Defining a metric to measure at this stage is useful to gauge the level of normalcy within your system. These could include metrics such as error rates or latency.
- Design real-world events
At this stage, you will outline and introduce real-world events that could potentially cause disruptions to your system such as those that occur within hardware or server or any other external event that could lead to outages in your system such as a sudden spike in traffic, hardware failures, network latency or any event that could potentially disrupt the steady state of the system.
- Run the experiment
After defining your system’s normal behavior and the events that could disrupt it, experiments can then be run on your system preferably in a production environment to measure the impact of the failure to gain a better understanding of your system’s real-world behavior.
This will also allow you to prove or disprove your hypothesis. The harder it is to cause an outage in the system, the more confident you can be in your system’s resilience.
However, keep in mind that since your experiments are run in production, it’s important to minimize the blast radius in case something goes wrong. This will ensure that any adverse effects are kept at a minimum and if things go smoothly, you can then gradually increase this radius till it reaches full scale. It’s also wise to have a roll back plan if something does go wrong.
- Monitor results
The experiment should give you a clear idea of what’s working and of what needs to be improved by looking for a difference between the control and experimental group. Teams can then make the necessary changes as they’re able to identify what led to the outage or disruption to the service, if relevant.
Why we should break things on purpose: Benefits of chaos engineering
We can look at chaos engineering as a sort of safeguard that helps prevent worst case scenarios from happening and impacting the user experience before they actually happen.
Consequently, chaos engineering has a number of benefits.
Increased reliability and resilience
As we’ve already mentioned, running such controlled chaos experiments will help determine your system’s capabilities, thereby preparing the system against unexpected failures.
Information gathered from these experiments can be used to strengthen your system and increase its resilience by locating potential weaknesses and finding ways to resolve them.
In other words, by learning what failure scenarios to prepare for, teams can improve and speed up their response to troubleshooting incidents.
Enhanced user experience
By strengthening your system, it is less likely that it will experience major outages and downtime that could negatively affect the user experience. It allows you to pinpoint issues and problems before they actually become customer pain points.

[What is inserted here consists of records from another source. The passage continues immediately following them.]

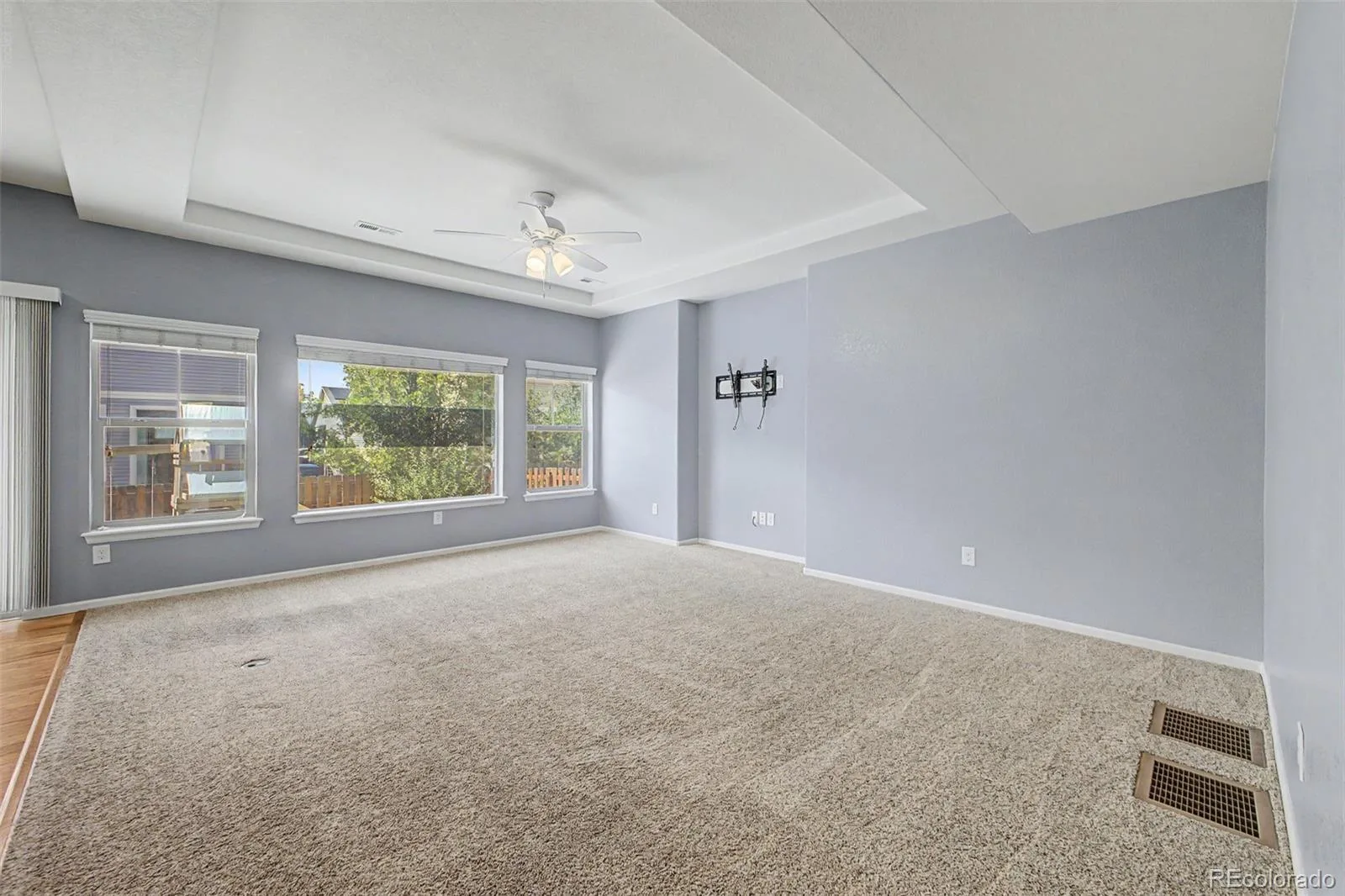 10537 Racine Way Commerce City CO 80022 | MLS #REC8673423 06252026214959 1600 6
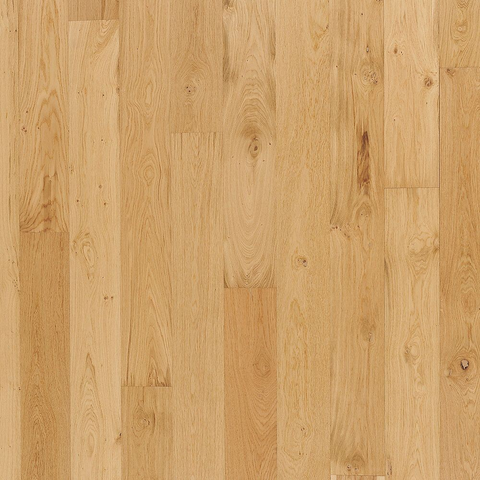 Mohawk Urban Square Oak Yellow Brick Swatch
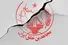 واکنش کیهان به ادعای عملیات منافقین در محدوده پاستور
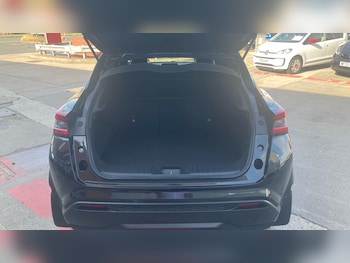 Used Nissan Juke 2023 for sale - 79054256: Photo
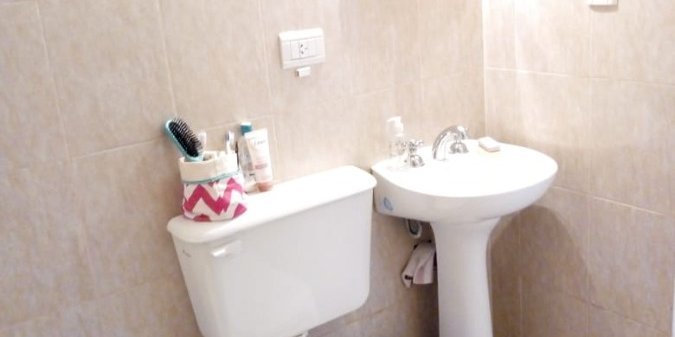 Departamento en Venta en Córdoba con 1 dorm. y 42 m2 cubiertos - imagen 6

This will, in turn, result in improved user experience and increased customer satisfaction as you are now releasing high performing, more resilient software.
Reduced revenue loss
By running chaos experiments, companies can prevent lengthy disruptions and outages to the system, which otherwise could lead to losses in revenue as well as high maintenance costs.
Improved confidence in the system
The insights gathered from these experiments can help teams build more resilient and robust systems.
This means that teams, by predicting the unexpected, are prepared for worst-case scenarios, which helps to increase confidence in their systems by having a recovery plan set up for such scenarios.
Nonetheless, organizations should still carefully consider the challenges of chaos engineering before implementing it as, despite its benefits, it can also be costly and time-consuming.
Unleashing chaos for better digital experiences
As we’ve seen, chaos engineering is an essential practice when it comes to creating uninterrupted, seamless digital experiences for your customers.
It’s not just breaking things for the sake of breaking things; it’s a way to gain insight on how a system behaves and to gauge its resilience. In other words, chaos engineering is not only breaking things, but it’s also about fixing weaknesses in a system to build its resilience by exposing hidden threats thereby minimizing risk.
It’s important to note that chaos engineering isn’t meant to replace the other types of testing that are carried out throughout the software development life cycle but instead to complement these tests to provide a high performing system.
Finally, chaos engineering has an important role in DevOps. At the heart of DevOps is the idea of continuous improvement, which is why integrating chaos engineering into a DevOps methodology is essential to mitigate security risks. It’s also a way for DevOps teams to deal with the rising complexity of applications nowadays.
Consequently, introducing chaos experiments into your DevOps CI/CD pipeline will help teams detect hidden issues more quickly, which grows confidence in the system enabling them to deploy faster to end-users.